(Data to process begins)
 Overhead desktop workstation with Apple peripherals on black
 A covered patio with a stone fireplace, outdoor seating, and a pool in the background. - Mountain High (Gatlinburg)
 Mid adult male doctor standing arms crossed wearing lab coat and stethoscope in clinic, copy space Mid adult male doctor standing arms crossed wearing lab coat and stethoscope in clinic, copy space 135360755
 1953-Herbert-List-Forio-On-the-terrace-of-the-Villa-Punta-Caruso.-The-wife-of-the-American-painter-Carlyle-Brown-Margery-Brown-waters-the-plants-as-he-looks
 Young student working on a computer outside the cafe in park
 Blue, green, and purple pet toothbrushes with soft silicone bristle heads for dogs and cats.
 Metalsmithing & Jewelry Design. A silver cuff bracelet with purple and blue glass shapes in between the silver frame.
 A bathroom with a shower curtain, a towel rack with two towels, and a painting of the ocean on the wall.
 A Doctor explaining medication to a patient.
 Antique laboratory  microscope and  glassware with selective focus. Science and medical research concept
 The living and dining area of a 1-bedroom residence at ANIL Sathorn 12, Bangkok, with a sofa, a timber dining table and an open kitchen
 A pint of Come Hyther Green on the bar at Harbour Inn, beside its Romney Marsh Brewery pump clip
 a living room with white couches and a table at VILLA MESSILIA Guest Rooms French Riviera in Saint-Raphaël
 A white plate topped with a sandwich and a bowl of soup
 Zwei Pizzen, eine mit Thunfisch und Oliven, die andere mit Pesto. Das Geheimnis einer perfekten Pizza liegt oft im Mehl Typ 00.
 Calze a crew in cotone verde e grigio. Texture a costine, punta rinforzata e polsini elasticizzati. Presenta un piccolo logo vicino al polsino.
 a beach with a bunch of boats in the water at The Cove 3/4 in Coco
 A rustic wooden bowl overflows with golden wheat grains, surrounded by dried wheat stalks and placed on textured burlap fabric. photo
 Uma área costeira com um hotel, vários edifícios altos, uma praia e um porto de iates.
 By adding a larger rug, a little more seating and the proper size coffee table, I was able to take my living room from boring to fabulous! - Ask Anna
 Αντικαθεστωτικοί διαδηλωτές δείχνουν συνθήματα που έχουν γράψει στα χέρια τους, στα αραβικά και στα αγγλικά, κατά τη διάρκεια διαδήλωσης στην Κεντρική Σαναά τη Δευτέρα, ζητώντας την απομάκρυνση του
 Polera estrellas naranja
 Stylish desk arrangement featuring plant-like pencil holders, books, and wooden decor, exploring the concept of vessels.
(Data to process ends)
All lines above from the one containing "A bathroom with" to the one containing "medical research concept" must be repeated exactly, both lines included, and no others.

 A bathroom with a shower curtain, a towel rack with two towels, and a painting of the ocean on the wall.
 A Doctor explaining medication to a patient.
 Antique laboratory  microscope and  glassware with selective focus. Science and medical research concept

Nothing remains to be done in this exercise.